(Billet 440) – Commission Benmoussa, certains attendent, les autres se tendent…

(Billet 440) – Commission Benmoussa, certains attendent, les autres se tendent…

Dans trois semaines, cela fera douze mois que le roi Mohammed VI aura désigné les 35+1, 35 experts et 1 président, dans ce que l’histoire et les mémoires retiendront comme la Commission spéciale pour un modèle de développement. Le Maroc en a semble-t-il urgemment besoin, lui qui patauge depuis quelques années, paraissant ne pas savoir définir un cap, et le tenir… et il en a encore plus besoin avec cette pandémie qui n’en finit pas de détruire.

Mais avons-nous vraiment besoin d’une pandémie pour détruire nos acquis ? Non, il appert que nous nous débrouillons très bien tous seuls… Voilà une commission attendue deux années durant puis qui, une fois formée, a commencé à nourrir les critiques sur sa composition, la binationalité de plusieurs de ses membres, la disponibilité des autres… Le président parle à une diplomate étrangère (qui, il est vrai, a la nuance diplomatique d’un corps de garde) et le voilà rudement secoué ; un membre exprime son opinion sur une affaire de droits, et c’est toute la commission qui trinque… Nous ne sommes même pas gaulois et nous réussissons pourtant à être réfractaires !

Dans l’intervalle, les 36 ont fait, font et achèvent le travail, écoutant les uns, se déplaçant vers les autres, notant ici les défaillances, collectant là les doléances… Et il n’en aura pas fallu davantage pour que les observateurs froncent les sourcils, haussent les épaules et hochent la tête. En signaux de désapprobation. Pourquoi ? Parce que ce travail est une sorte de remake de l’IER, disent-ils, que le rapport du Cinquantenaire a déjà défini nos maux, fulminent-ils, et que la constitution a tout cadré, rappellent-ils.

Mais comparaison se montre parfois déraison. Le Maroc de 2020 est-il celui de la première décennie 2000 ? Assurément non, par trois fois. Il a, d’abord, connu 2011 avec sa mauvaise humeur du printemps, sa constitution expresse de l’été et son scrutin tumultueux de l’automne. Elections puis déception, et donc remise en question. Le Maroc a, ensuite, vu émerger une nouvelle génération, avec de nouveaux codes de pensées et de nouvelles attentes pressées, nationaliste mais pas chauvine, loyale mais non soumise, critique et même exigeante, sans peur mais avec...

beaucoup de reproches.
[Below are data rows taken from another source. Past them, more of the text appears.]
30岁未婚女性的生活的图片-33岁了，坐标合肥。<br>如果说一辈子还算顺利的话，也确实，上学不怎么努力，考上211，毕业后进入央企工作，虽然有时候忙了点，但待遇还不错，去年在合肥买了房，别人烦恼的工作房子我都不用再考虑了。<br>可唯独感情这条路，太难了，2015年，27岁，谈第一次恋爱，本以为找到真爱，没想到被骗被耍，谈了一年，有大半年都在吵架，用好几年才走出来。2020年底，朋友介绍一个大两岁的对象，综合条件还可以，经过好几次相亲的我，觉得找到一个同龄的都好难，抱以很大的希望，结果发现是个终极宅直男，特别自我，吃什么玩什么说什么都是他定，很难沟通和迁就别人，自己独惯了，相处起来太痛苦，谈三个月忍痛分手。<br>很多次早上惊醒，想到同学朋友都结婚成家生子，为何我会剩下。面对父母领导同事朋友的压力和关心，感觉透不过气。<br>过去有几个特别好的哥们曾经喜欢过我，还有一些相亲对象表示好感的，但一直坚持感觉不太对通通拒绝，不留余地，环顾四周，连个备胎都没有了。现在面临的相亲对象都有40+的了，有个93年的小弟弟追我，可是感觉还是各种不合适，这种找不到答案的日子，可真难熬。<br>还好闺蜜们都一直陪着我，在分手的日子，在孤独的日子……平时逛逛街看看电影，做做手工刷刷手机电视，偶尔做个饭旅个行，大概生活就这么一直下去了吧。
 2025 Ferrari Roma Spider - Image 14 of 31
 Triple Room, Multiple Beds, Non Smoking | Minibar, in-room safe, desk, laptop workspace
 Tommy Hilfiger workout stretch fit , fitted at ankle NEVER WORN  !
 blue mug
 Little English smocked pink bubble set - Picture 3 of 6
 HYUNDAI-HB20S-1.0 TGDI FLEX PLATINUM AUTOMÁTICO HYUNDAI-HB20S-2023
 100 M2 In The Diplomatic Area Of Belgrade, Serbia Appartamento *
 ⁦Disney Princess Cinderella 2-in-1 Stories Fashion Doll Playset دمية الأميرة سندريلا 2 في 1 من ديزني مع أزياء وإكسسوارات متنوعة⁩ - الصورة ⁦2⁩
Cette génération est moins pusillanime, plus téméraire, et puisqu’elle n’a pas connu hier le mur de la répression, elle prend d’assaut aujourd’hui celui de l’indifférence et de la condescendance. Le Maroc a, enfin, tangué avec la pandémie, toujours dans nos murs ; et des affres du confinement, de la crainte de la paupérisation et de l’incertitude générale, personne ne sort indemne.

C’est donc ces contextes que la CSMD est chargée de lire et de structurer, pour en sortir quelque chose de valable pour ce pays. IER, rapport du Cinquantenaire et constitution ont décrit des maux et donné des définitions à des époques données et dans des contextes précis. La CSMD est chargée de mettre tout cela en musique, en modélisation, aujourd’hui, en actualisant ce qui doit l’être : c’est le modèle de développement de demain, avec nos si nombreux atouts et nos multiples talents pour servir les nouveaux métiers qui nous attendent… mais ce modèle attirera forcément, nécessairement, mécaniquement des résistances.

Comment les définir et en identifier les auteurs ? En revenant aux maux du Maroc d’aujourd’hui : l’économie de rente, l’inégalité des chances, une santé publique moribonde, un enseignement national vacillant, et la hogra… ah, la hogra, dénoncée sans langue de bois face à un Benmoussa se tenant coi. Le rapport final de la CSMD devra donc rapporter les choses, telles qu’elles sont, ou se taire à jamais. M. Benmoussa et ses pairs ne sont pas là pour plaire, et un travail bien fait déplaira. Peu importe, il restera néanmoins incontournable car en ces temps incertains où rien n’est sûr, et encore moins l’avenir, nous n’avons toujours pas de classe politique digne de ce nom, et de nous. D'où, sans doute, la mise en place de cette commission par le Roi.

Aujourd’hui, le Maroc doit changer car les temps changent et les habitudes anciennes dérangent. Avec une nouvelle donne politique, une nouvelle génération, des menaces nouvelles et inédites et une nation qui vacille, changer n’est plus un luxe ou une simple stratégie de développement. Le Maroc doit changer car ses gens l’exigent, chacun à sa manière, et l’exigence devient foi et fait loi.